The reconstructed Virginia on the Kennebec River in Bath, ME, sitting about seven miles north of her namesake’s origin in Phippsburg in 1608. It was the first English ship built in the Americas. Behind me and over the bridge at BIW, today sit two Navy Destroyers in mid-build.
Two things come to mind, one much lighter than the other, but not unrelated.
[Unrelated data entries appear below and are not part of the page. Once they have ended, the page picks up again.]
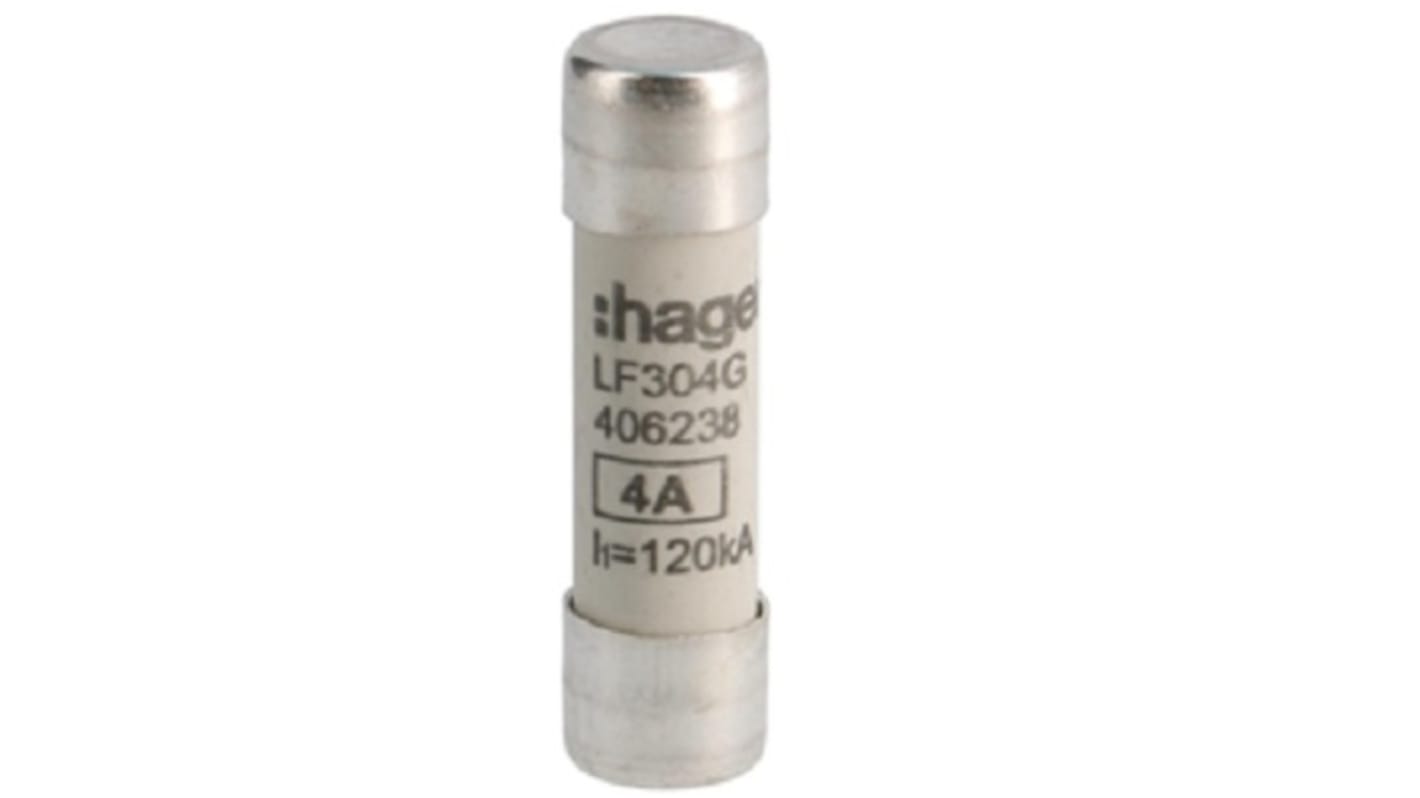 Hager 4A Cartridge Fuse, 10 x 38mm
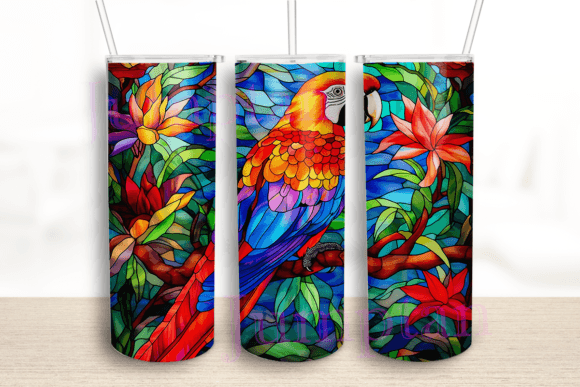 Stained Glass Colorful Parrots Tumbler Graphics for Crafts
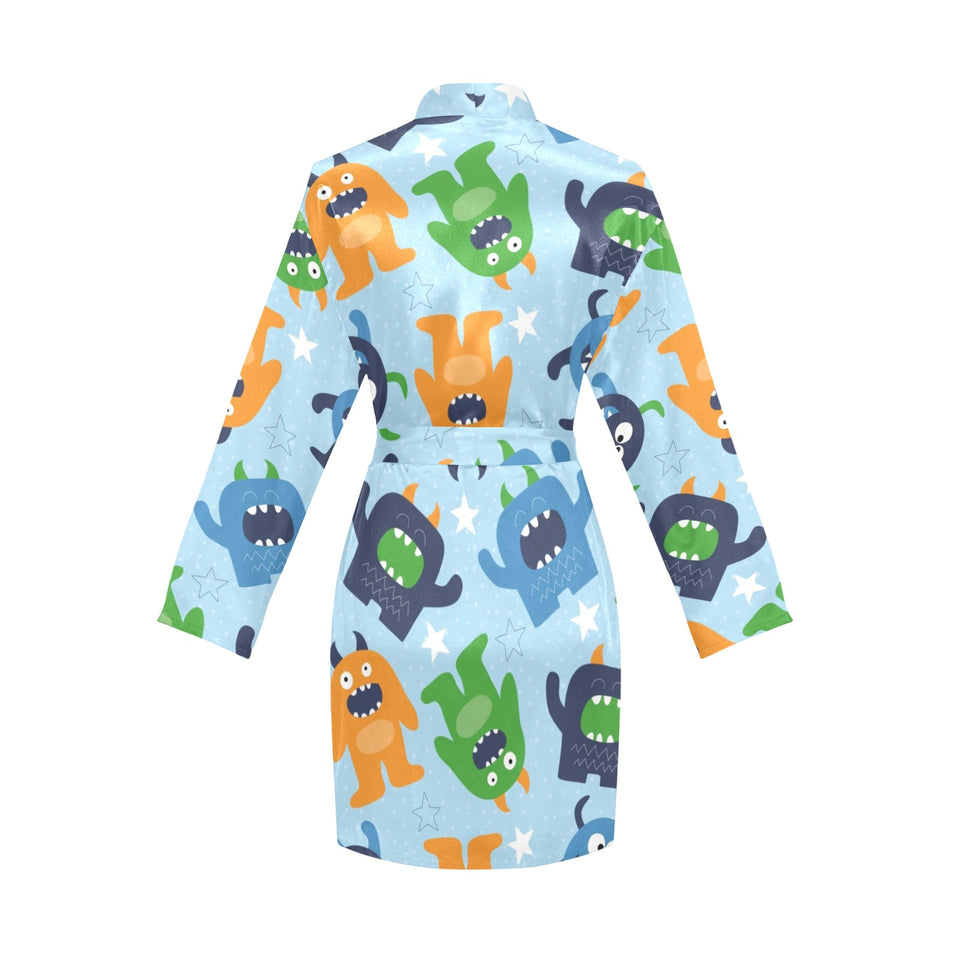 Alien Pattern Print Design 04 Women's Long Sleeve Belted Night Robe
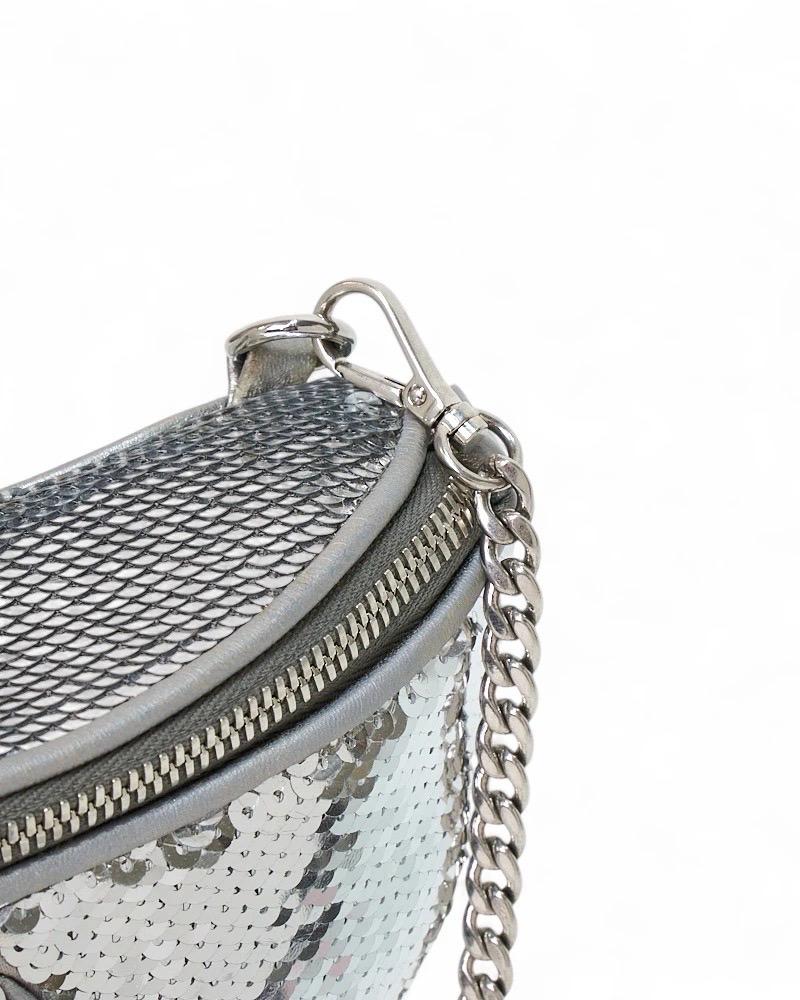 Miu Miu Marsupio Small Glitter Argento For Sale 8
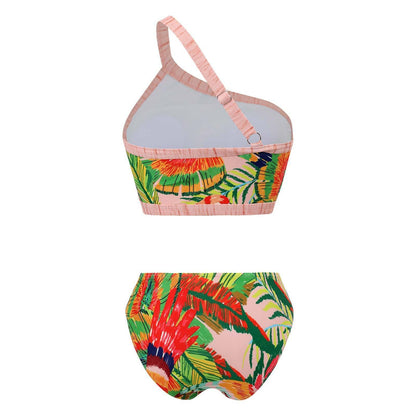 One shoulder leaf print backless contrast bikini swimwear
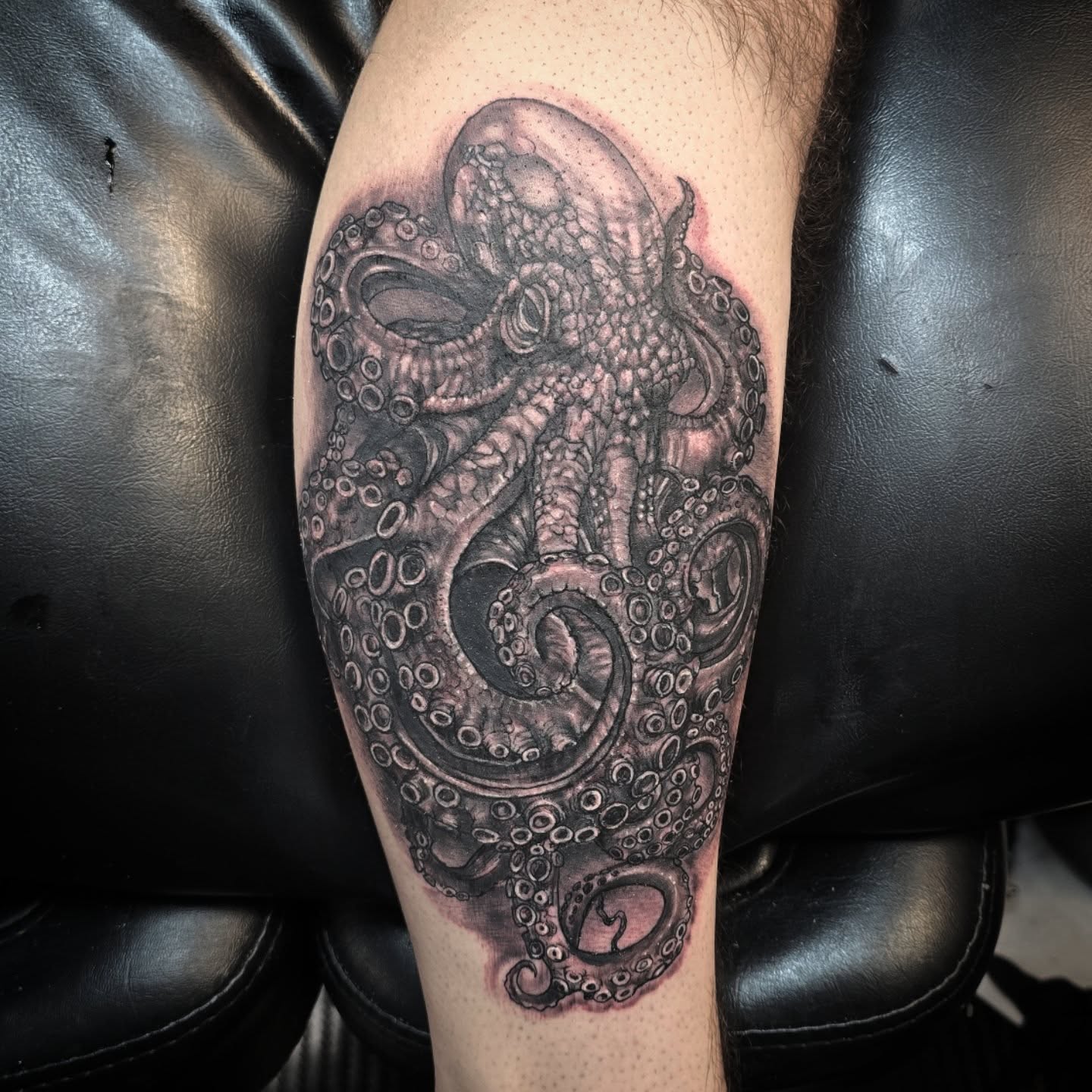 Tattoo by @noochtattoos — realism, black_and_grey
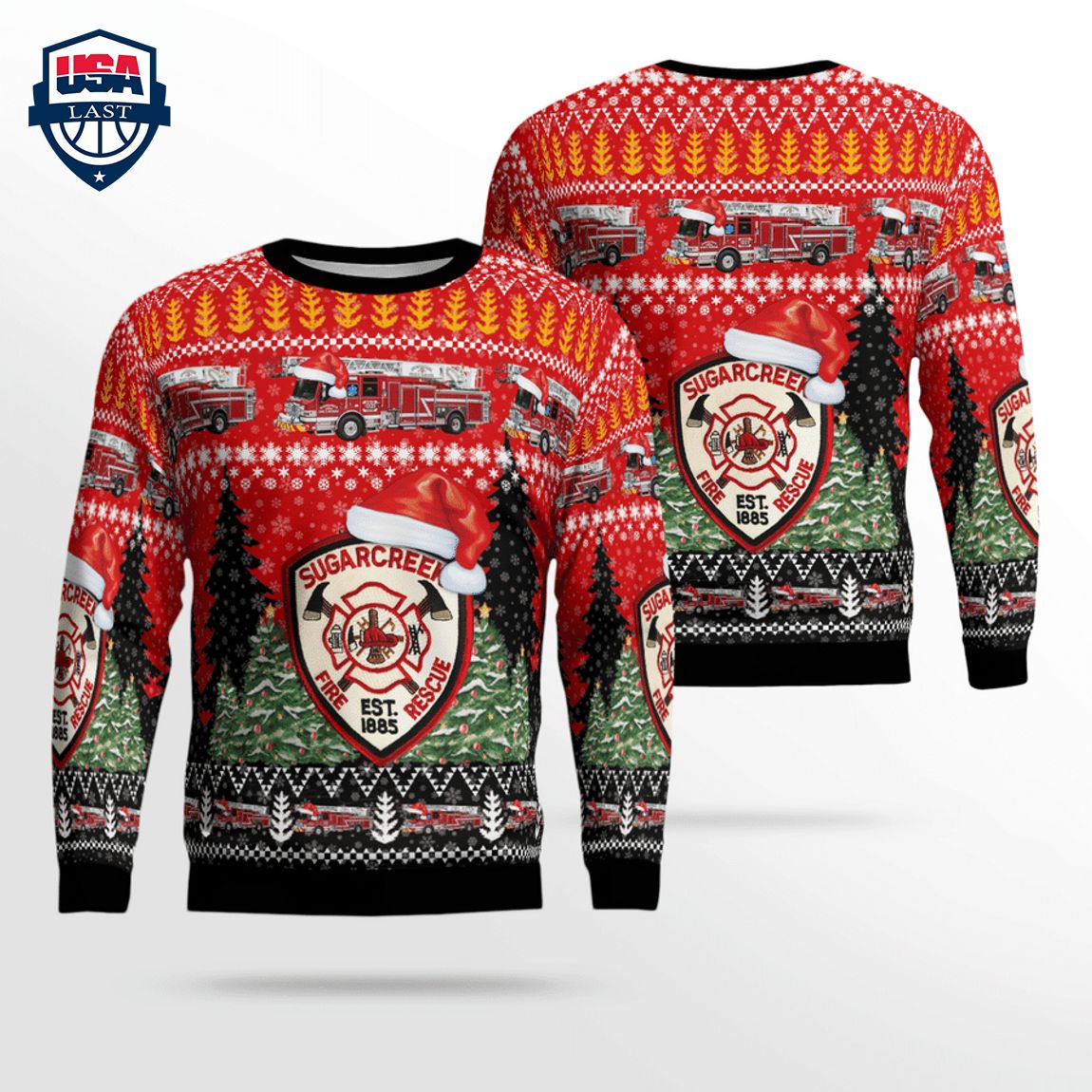 Ohio Sugarcreek Fire & Rescue 3D Christmas Sweater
First the light one. Whenever I’ve seen this ship, usually while driving over the Sagadahoc Bridge, I think of Sam Bush’s “Same Ol’ River”:
I wish that I could be a Pirate
I’d sail the ocean blue
Way before the big liners
Started sailing them too
I’d bury most of my treasures
So I would leave a big hole
And the only real sense of pleasure that I’d get
Is that I’d sail free in my soul
The second thing is a “paragraph” from W. G. Sebald’s The Rings of Saturn. (If you’ve read Sebald, you understand the scare quotes 🙂.) Sebald is sitting in the English town of Southwold and reflecting on the history of naval warefare. It’s a haunting reflection. I put most of the paragraph up on the other blog, but here’s the clinching line:
The agony that was endured and the enormity of the havoc wrought defeat our powers of comprehension, just as we cannot conceive the vastness of the effort that must have been required — from felling and preparing the timber, mining and smelting the ore, and forging the iron, to weaving and sewing the sailcloth — to build and equip vessels that were almost all predestined for destruction. For a brief time only these curious creatures sailed the seas, moved by the winds that circle the earth, bearing names such as Stavoren, Resolution, Victory, Groot Hollandia and Olyfan, and then they were gone.